In the previous lessons, you have learned how to use a distance-based model - KNN. In this lesson, you will learn about a popular density-based algorithm called Local Outlier Factor.

LOF is a well-known algorithm that has existed since 2000. It works well with moderately high-dimensional datasets and is one of the fastest outlier classifiers. 

LOF classifies data points into inliers and outliers using a local outlier factor score, which is where the name is taken from. 

The LOF score is based on the concept of local density, where locality is defined by choosing *k* nearest neighbors, like in KNN. The density itself is calculated between a data point and its distances to its chosen neighbors.

Data points with similar densities will form a cluster, while samples with substantially lower densities than their local neighborhood are classified as outliers.

Here, the word "local" is very important.
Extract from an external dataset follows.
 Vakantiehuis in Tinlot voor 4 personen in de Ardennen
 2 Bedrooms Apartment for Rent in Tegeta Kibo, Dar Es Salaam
The LOF score is not compared to the rest of the samples in the dataset, but only to their local neighborhood.

In the plot, we can see two clusters of data points and a dozen clear outliers. The size of the red circles represent how anomalous they are compared to their local neighborhood. The higher their LOF score, the bigger the circles. 

I want you to pay attention to the two points I highlighted. Point A is an outlier but the circle size isn't very large. That's because it is much closer to its local neighborhood compared to point B. Point B is far away and therefore, have much more deviation and less density.

### Fitting LOF from PyOD using a sample dataset

Now, let's see LOF in action using the Statlog Shuttle dataset from UCI machine learning repository. I have preprocessed the data for this course and turned it into a simple multi-class classification problem.

In [32]:
import pandas as pd

shuttle = pd.read_csv("data/shuttle_preprocessed.csv")
shuttle.head()

Unnamed: 0,time,attribute_1,attribute_2,attribute_3,attribute_4,attribute_5,attribute_6,attribute_7,class
0,50,21,77,0,28,0,27,48,2
1,53,0,82,0,52,-5,29,30,1
2,37,0,76,0,28,18,40,48,4
3,37,0,79,0,34,-26,43,46,1
4,85,0,88,-4,6,1,3,83,2


The dataset has 8 features and one target column, which is named class. 

In [33]:
shuttle.shape

(49097, 9)

As LOF uses distance metrics, we are required to normalize the dataset before fitting LOF. Therefore, in lines 1-2, we are importing QuantileTransformer after the LocalOutlierFactor estimator from PyOD. 

Next, we define a `transform_detect` function with 5 parameters - X and y for feature and target arrays, k for the number of neighbors and two parameters for contamination and distance calculation.

Inside `transform_detect`, we initialize QuantileTransformer and use it to normalize the X array. Then, we fit LOF with given hyperapameters and predict outlier labels.

Finally, we return the X and y arrays, dropping the found outliers.

In [45]:
from pyod.models.lof import LocalOutlierFactor
from sklearn.preprocessing import QuantileTransformer


def transform_detect(X, y, k=20, contamination=0.1, metric="manhattan"):
    qt = QuantileTransformer(output_distribution="normal")
    X.loc[:, :] = qt.fit_transform(X)

    lof = LocalOutlierFactor(n_neighbors=k, contamination=contamination, metric=metric)
    labels = lof.fit_predict(X)

    return X[labels == 1], y[labels == 1]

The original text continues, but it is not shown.